I will endeavour to provide clear notes in class, summarise lectures below, and point to references for additional reading.
- Other reading
Counterexamples in Topology by Lynn Steen and J. Arthur Seebach, Jr.
Lecture 1: Introduction (September 5)
Armed only with the definiton of a topological space – a choice of subsets declared to be open on a given set of interest – we reproduced Furstenberg's proof of the infinitude of prime numbers.
This provides a different point of view on Euclid's theorem, illustrating that the utility of topology often lies in the ability to adapt the choice of topology to the problem in question.
Read more about Furstenberg's proof here.
Lecture 2: Continuity (September 7)
We considered an important class of examples – the topology induced by a metric – and used this to motivate the appropriate notion of a
map between topological spaces, namely, we said that a function was continuous if very open set in the image has an open pre-image.
Lecture 3: Subspace and product topologies (September 10)
We looked at two new contructions of new spaces from old: the induced topology on a subset of a space and the product topology on the cartesian product of two spaces. For the latter, we proved that a basis is provided by the product of bases on each space in question.
Lecture 4: Compactness (September 12)
By a appealing to the Tube Lemma, we proved that the product of two compact spaces is a compact space.
Lecture 5: Topologies on products (September 14)
When the product of interest is of infinitely many spaces, there are two possible topologies one might consider: the box topology and the product topology. The former has strictly more open sets than the latter, making the
product topology the right topology. Importantly, it is determined by pulling back the open sets from the factors along the projections.
Lecture 6: Compactness via closed sets (September 17)
Compactness can be reformulated in terms of closed sets, using collections of subsets having the finte intersection property.
That is, a space X is compact if and only if for every collection of closed sets having this finite intersection property we know that the intersection of all the sets in the collection is non-empty.
In fact, as a consequence of Zorn's lemma, if there exists a collection of closed sets with the finite intersection property, then there exists a maximal one.
Speaking of Zorn's lemma, if you happen to be getting balled up about things like the axiom of choice, this is worth reading.

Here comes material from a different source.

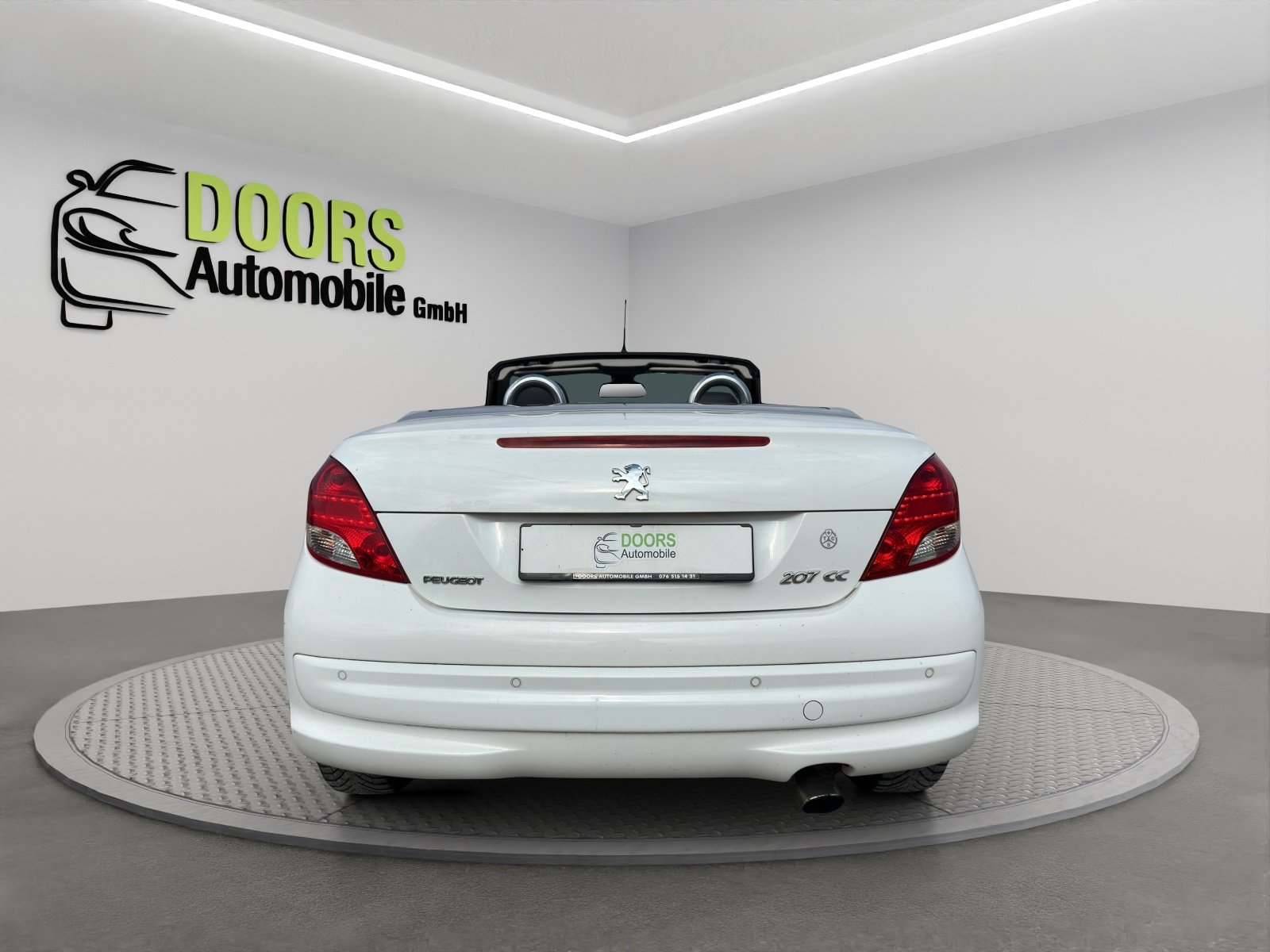 PEUGEOT 207 CC 1.6 16V Turbo Sport, Benzina, Occasioni / Usate, Manuale - 5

Actually, this is worth a read even if the axiom of choice doesn't really bother you.
Lecture 7: The Tychonoff theorem (September 19)
Today we finished up the proof of Tychonoff's theorem, confirming that an arbitrary product of compact spaces is compact under the product topology.
As a application, consider the space of bounded linear functionals, that is, the space of linear functions from a ball in a normed vector space to the interval [-1,1], viewed with the
product topology. According to Tychonoff, as a closed subset of a compact space, this must be a compact space.
Lecture 8: Some consequences of the Uryshon lemma (September 21)
The Uryshon lemma – theorem, really – has many important consequences in day-to-day (mathematical) life, including Uryshon's criterion for metrization, the Tietze extension theorem, and the existence of embeddings for manifolds. This lemma allows you, in any normal space, to keep disjoint closed sets separate in the image of a map to a closed interval in R. The condition that the space be normal led us on a meandering discussion about separation of various strengths.
Lecture 9: The proof of the Urysohn lemma (September 24)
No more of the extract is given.